In some, “SARS‐CoV‐2 infection triggers a massive release of cytokines, chemokines, and other inflammation signals,” the co-authors noted. This leads to blood-brain barrier dysfunction, which can promote neuroinflammation and brain cell death—factors known to play a role in the risk and progression of Alzheimer’s disease (AD). 

While forecasts are continually evolving during the current pandemic, the co-authors estimated that roughly 1 in every 200 people worldwide will have been infected by the time it eventually winds down. While most of those individuals will survive, the public health impact could be felt far beyond the current crisis.

Historical data from previous pandemics caused by neurotropic respiratory viruses, along with emerging data and observations from medical professionals, “strongly supports” an expectation of increased motor impairment, cognitive decline, affective disorders, and psychotic disorders, they added.

Getting Ahead

So does COVID-19 raise a person’s later life risk for conditions such as Parkinson’s disease, AD, or other forms of dementia?

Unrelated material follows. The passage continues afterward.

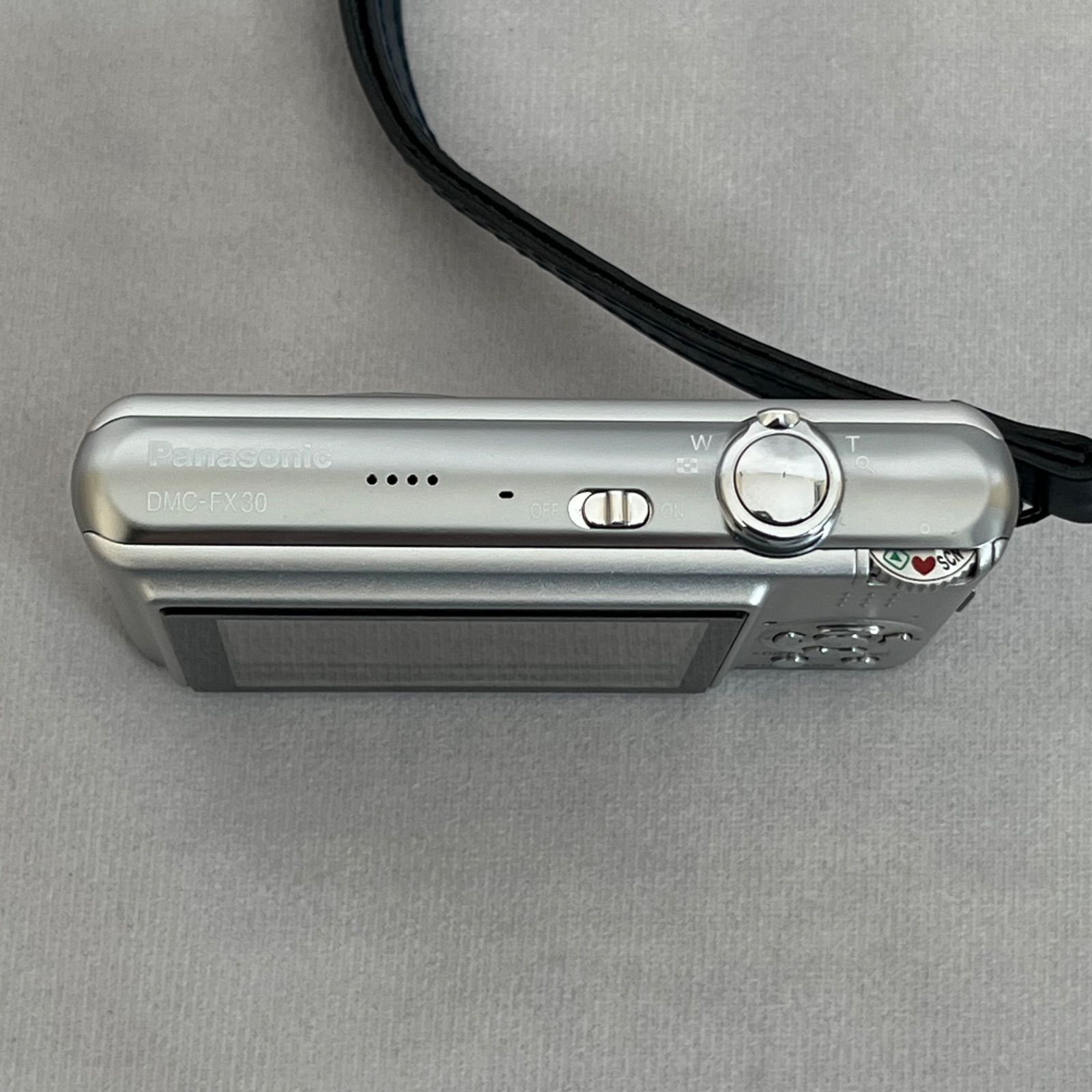 管2602-328】Panasonic パナソニック LUMIX DMC-FX30 シルバー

“We don’t know,” said Heather Snyder, vice president of medical and scientific relations at the Alzheimer’s Association. “That is still a big question.” But this and other related questions are being raised now as a way of getting ahead. 

The Alzheimer’s Association has been working with a team at UT Health San Antonio since the spring to bring researchers together from around the world, explained Snyder, a co-author of the paper.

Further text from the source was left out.